**GIVEN MATERIAL**

☆ ☆ ☆ ☆

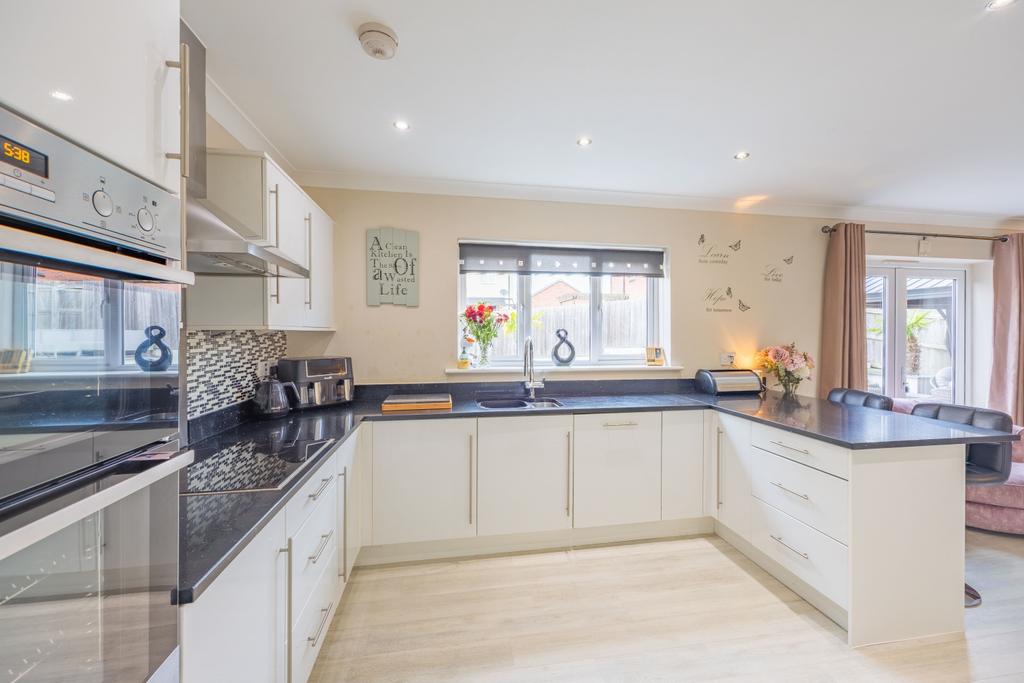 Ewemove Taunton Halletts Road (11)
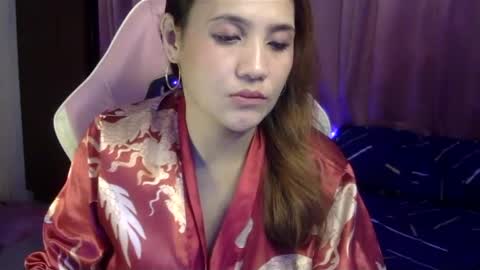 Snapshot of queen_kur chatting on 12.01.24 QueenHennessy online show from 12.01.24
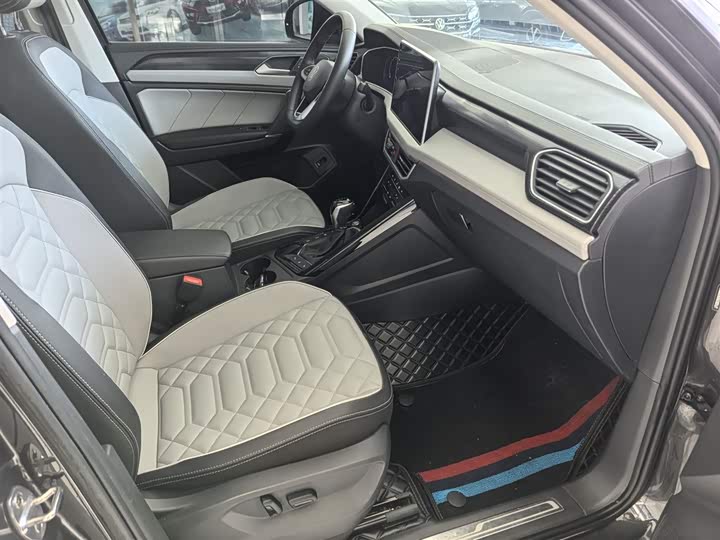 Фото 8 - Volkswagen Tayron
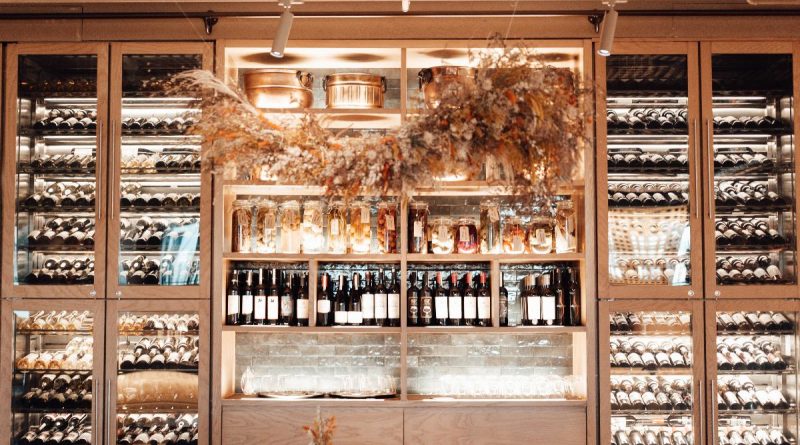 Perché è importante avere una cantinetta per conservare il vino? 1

☆ ☆ ☆ ☆

**WORK INSTRUCTION**
Pictures are skipped here. Print exactly, and only, the lines from the one holding "Фото 8 - Volkswagen Tayron" through the final line of the material above, both ends included.

**RESPONSE TO THE EXERCISE**
 Фото 8 - Volkswagen Tayron
 Perché è importante avere una cantinetta per conservare il vino? 1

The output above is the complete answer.